Google DeepMind introduces Gemma 2, a new generation of open AI models designed to enhance performance and efficiency across diverse hardware platforms. Available in 9 billion and 27 billion parameter sizes, Gemma 2 aims to revolutionise AI deployment with its cost-effective, high-performance capabilities.
Google DeepMind has launched Gemma 2, a new generation of open AI models that provide improved performance metrics and a collection of lightweight. This is an advanced open model derived from the same research and technology used to create the Gemini models. The Gemma family has expanded to include CodeGemma, RecurrentGemma, and PaliGemma, each designed for specific AI tasks and accessible through integrations with partners like Hugging Face, NVIDIA, and Ollama.
Gemma 2 is available in 9 billion (9B) and 27 billion (27B) parameter sizes, surpassing the first generation in both performance and efficiency during inference, while also incorporating significant safety enhancements. The 27B model provides competitive alternatives to models more than twice its size. This advanced capability is now possible on a single NVIDIA H100 Tensor Core GPU or TPU host, greatly reducing deployment costs.
Google launches Gemma 2 for redefining AI performance and efficiency
Gemma 2 represents AI architecture, crafted for exceptional performance and efficiency in inference. At 27 billion parameters, Gemma 2, offers performance that competes with models more than twice its size. Even the 9 billion parameter version of Gemma 2 surpasses other open models in its category, including Llama 3 8B. For detailed performance metrics, refer to the technical report.
The 27B Gemma 2 model is designed to execute inference tasks efficiently at full precision on a single Google Cloud TPU host, NVIDIA A100 80GB Tensor Core GPU, or NVIDIA H100 Tensor Core GPU. This capability significantly reduces deployment costs while maintaining high performance, making AI deployments more accessible and budget-friendly.
Gemma 2 is optimised for rapid inference across diverse hardware environments, from advanced gaming laptops and high-performance desktops to cloud-based setups. Users can experience Gemma 2 in full precision on Google AI Studio, and unlock local performance using the quantised version with Gemma.cpp on their CPU, or deploy it on personal devices such as NVIDIA RTX or GeForce RTX via Hugging Face Transformers.
Gemma 2 by Google enhances accessibility: Tailored for developers and researchers
Gemma 2 isn’t just more powerful; it’s designed to seamlessly integrate into user workflows:
Open and Accessible: Gemma 2 is available under the commercially friendly Gemma license to empower developers and researchers to share and commercialise their innovations with ease.
Wide Framework Compatibility: Gemma 2 is compatibile with major AI frameworks such as Hugging Face Transformers, JAX, PyTorch, and TensorFlow by native Keras 3.0, vLLM, Gemma.cpp, Llama.cpp, and Ollama. This facilitates an effortless integration with the preferred tools and workflows of users.
Gemma is optimised with NVIDIA TensorRT-LLM for running on NVIDIA-accelerated infrastructure or as an NVIDIA NIM inference microservice, with plans for optimisation for NVIDIA’s NeMo in the pipeline.
Effortless Deployment: Beginning next month, Google Cloud customers can effortlessly deploy and manage Gemma 2 on Vertex AI, streamlining the deployment process.

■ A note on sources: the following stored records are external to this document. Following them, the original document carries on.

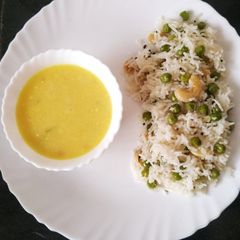 A picture of Green peas pulao.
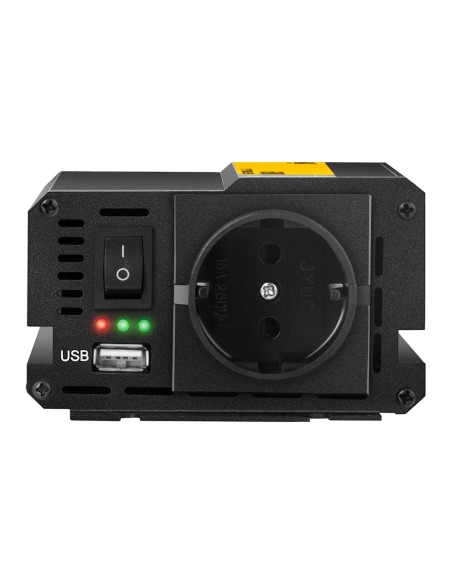 Automobilio akumuliatoriaus įtampos keitiklis 600W + Cigarečių degiklio adapteris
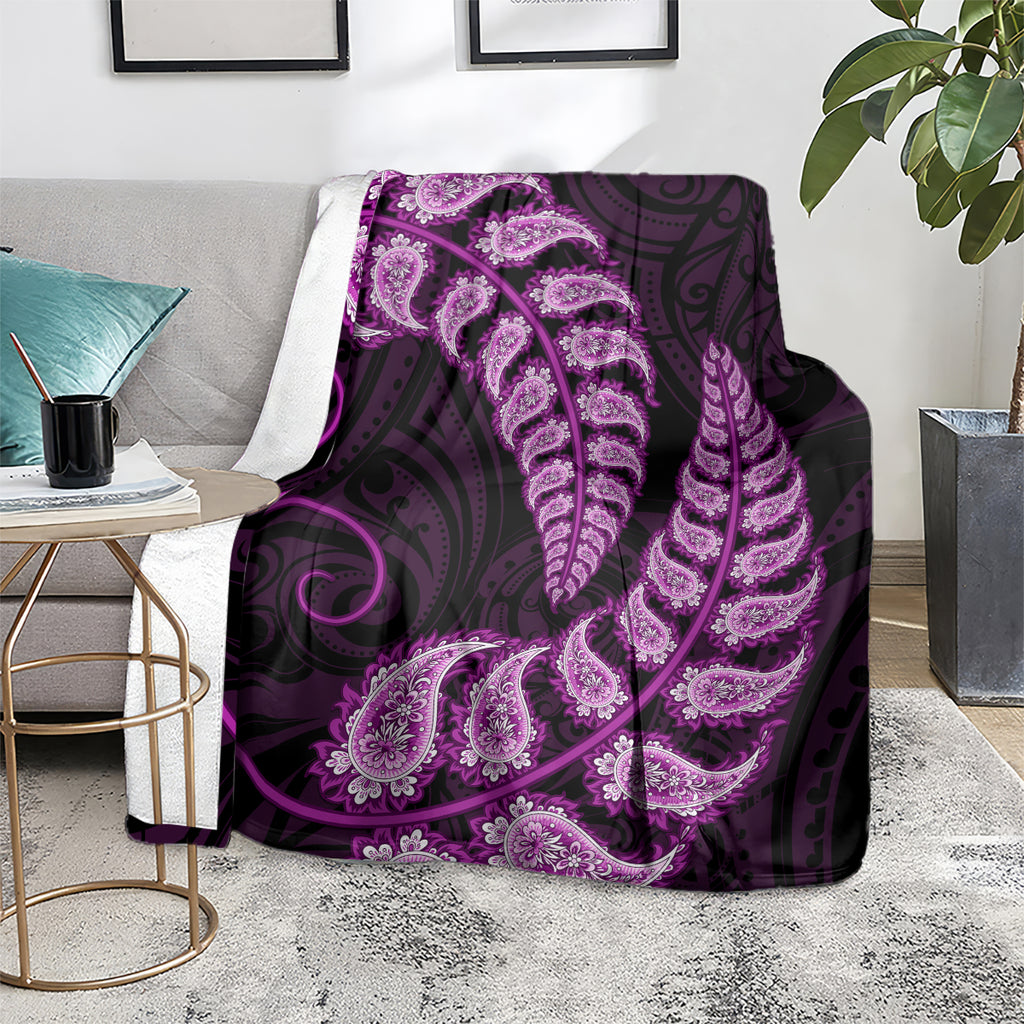 purple-new-zealand-paisley-silver-fern-blanket-aotearoa-maori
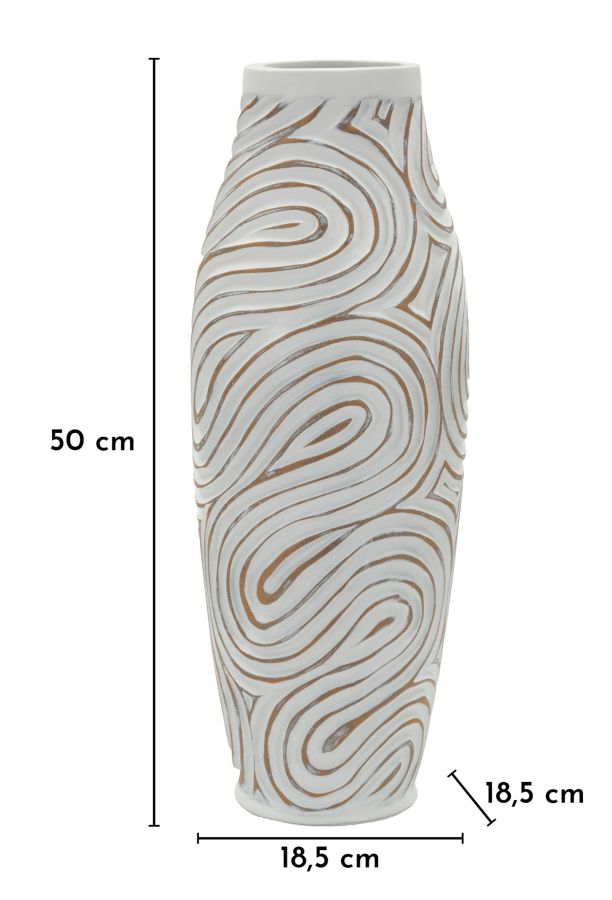 Vaso resina oblix cm ø 18,5x50 (apertura cm ø 9)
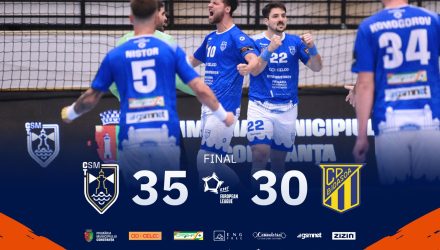 Victorie în Europa! CSM Constanța câștigă cu Bidasoa Irun și preia șefia Grupei D din EHF European League!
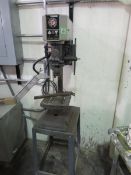 Delta Rockwell 11-100 Bench Top 11" Drill Press; on a Stand. SN# FL 6966. HIT# 2123652. Loc: 1013.
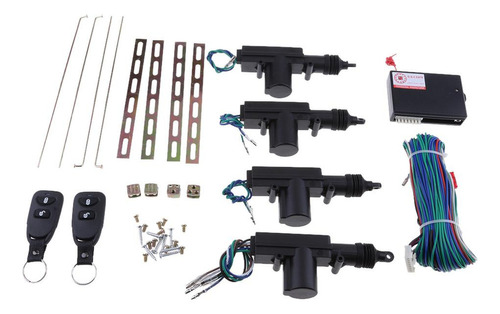 Kit De Cierre Centralizado Eléctrico De 4 Puertas Con Contro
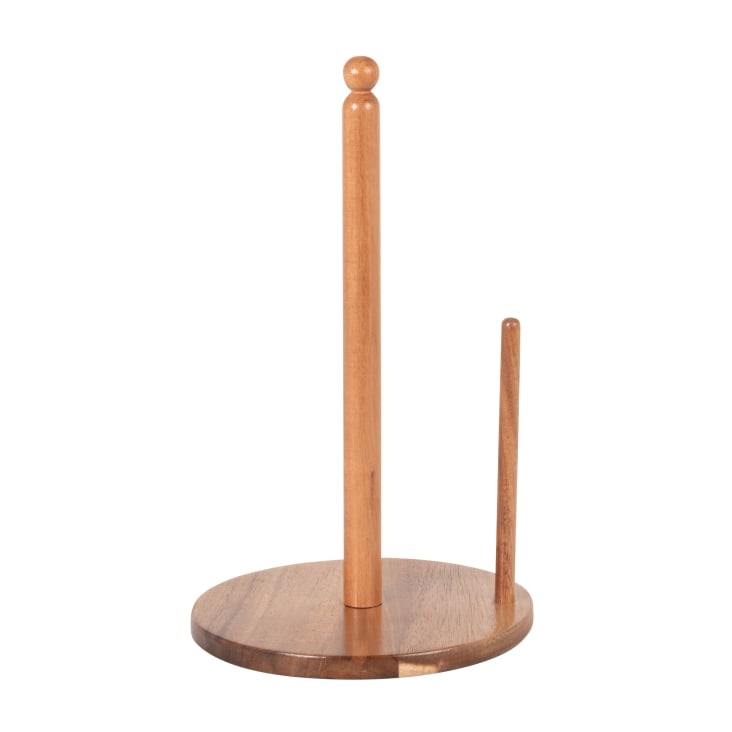FuxFuis Küchenrollenhalter Aus Akazienholz - Stehender Halter Für Küchenpapier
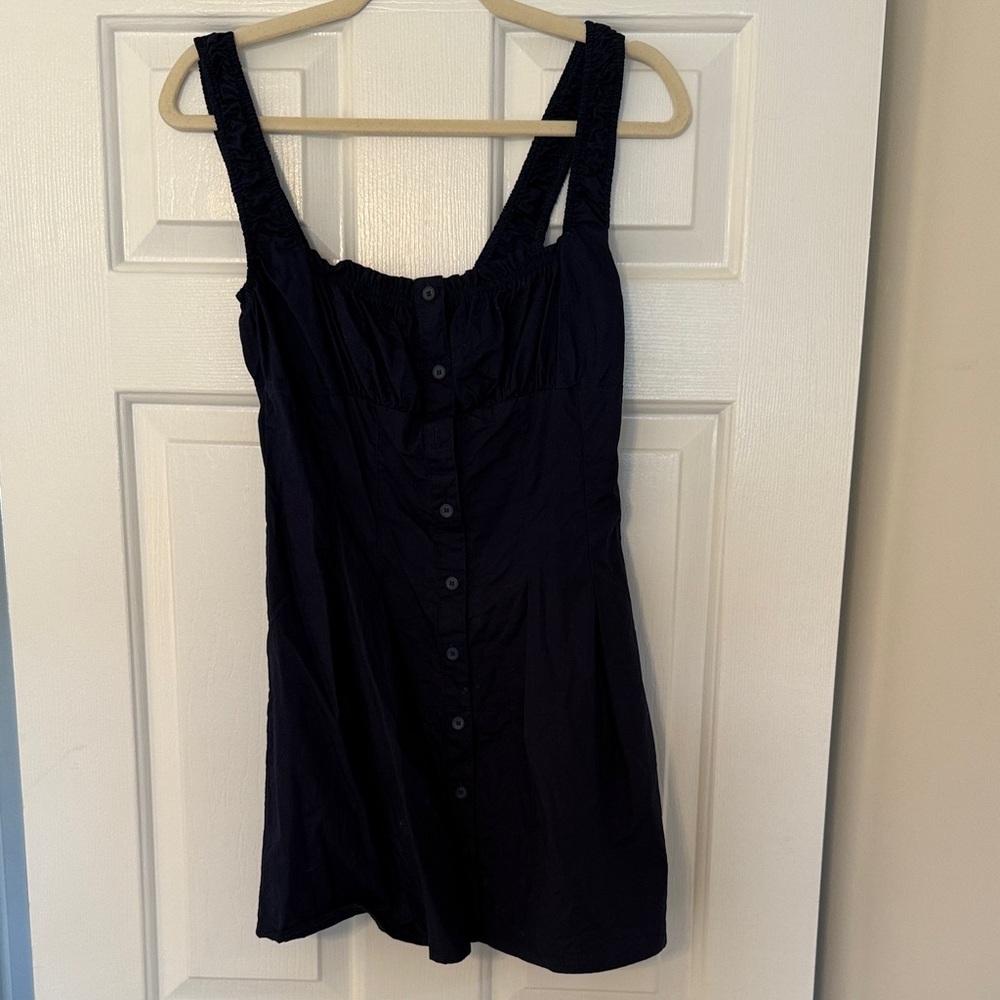 Princess Polly Black Button-Down Dress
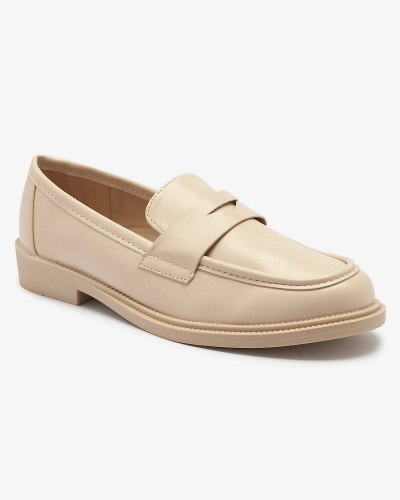 Бежевые женские мокасины из экокожи Zibom- Footwear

Gemma 2 models can also be fine tuned for specific tasks, including practical examples and recipes in the new Gemma Cookbook, designed to guide users through building applications.
Advancing responsible AI with Gemma 2
The Responsible Generative AI Toolkit by Google now includes the newly open-sourced LLM Comparator. This tool assists developers and researchers in conducting thorough evaluations of language models.
Users can utilise the companion Python library to perform comparative assessments using their models and data, visualising results within the application. Preparations are also underway to open source SynthID, a text watermarking technology tailored for Gemma models.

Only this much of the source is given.